> [Work task]
Using the listing below, report each line holding the string "HDMI".

> [Data shown]
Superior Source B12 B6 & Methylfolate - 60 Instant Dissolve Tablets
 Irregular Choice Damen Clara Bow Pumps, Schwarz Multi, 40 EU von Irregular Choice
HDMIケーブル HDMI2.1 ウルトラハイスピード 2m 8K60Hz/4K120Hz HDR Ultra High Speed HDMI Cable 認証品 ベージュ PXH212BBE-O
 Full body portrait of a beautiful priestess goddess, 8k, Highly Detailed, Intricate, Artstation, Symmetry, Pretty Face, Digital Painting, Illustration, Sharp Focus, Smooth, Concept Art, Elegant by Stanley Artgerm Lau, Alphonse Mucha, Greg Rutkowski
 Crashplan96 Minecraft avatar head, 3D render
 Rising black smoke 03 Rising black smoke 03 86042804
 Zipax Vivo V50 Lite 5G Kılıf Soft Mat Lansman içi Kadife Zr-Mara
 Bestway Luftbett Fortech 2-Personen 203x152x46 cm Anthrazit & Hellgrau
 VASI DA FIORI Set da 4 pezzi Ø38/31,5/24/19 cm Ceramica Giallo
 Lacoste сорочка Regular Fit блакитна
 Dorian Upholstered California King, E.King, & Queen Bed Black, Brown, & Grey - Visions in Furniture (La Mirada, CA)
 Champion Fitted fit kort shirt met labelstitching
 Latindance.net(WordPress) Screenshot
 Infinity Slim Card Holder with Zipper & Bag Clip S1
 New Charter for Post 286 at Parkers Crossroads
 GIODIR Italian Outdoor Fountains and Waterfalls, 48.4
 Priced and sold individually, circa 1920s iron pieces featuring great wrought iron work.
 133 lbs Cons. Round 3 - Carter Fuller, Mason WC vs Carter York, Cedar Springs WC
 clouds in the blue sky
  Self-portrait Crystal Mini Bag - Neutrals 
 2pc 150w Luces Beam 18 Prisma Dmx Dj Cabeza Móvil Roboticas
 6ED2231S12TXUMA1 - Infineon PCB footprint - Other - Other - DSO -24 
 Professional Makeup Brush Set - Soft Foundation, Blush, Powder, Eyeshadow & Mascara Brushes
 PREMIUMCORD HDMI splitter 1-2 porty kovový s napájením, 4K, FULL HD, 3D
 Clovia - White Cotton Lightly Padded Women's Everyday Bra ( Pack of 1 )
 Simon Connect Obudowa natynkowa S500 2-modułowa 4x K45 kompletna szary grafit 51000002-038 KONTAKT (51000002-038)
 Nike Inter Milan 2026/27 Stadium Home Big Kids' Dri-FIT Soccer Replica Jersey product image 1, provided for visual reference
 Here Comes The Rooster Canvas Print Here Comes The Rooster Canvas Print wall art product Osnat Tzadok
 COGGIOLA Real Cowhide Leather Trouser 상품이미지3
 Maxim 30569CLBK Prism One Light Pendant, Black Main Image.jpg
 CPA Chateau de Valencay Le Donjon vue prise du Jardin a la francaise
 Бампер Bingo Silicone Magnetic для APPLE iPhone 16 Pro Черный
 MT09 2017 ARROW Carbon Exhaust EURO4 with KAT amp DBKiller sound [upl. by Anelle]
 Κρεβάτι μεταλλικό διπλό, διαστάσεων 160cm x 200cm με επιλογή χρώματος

> [Written reply]
HDMIケーブル HDMI2.1 ウルトラハイスピード 2m 8K60Hz/4K120Hz HDR Ultra High Speed HDMI Cable 認証品 ベージュ PXH212BBE-O
 PREMIUMCORD HDMI splitter 1-2 porty kovový s napájením, 4K, FULL HD, 3D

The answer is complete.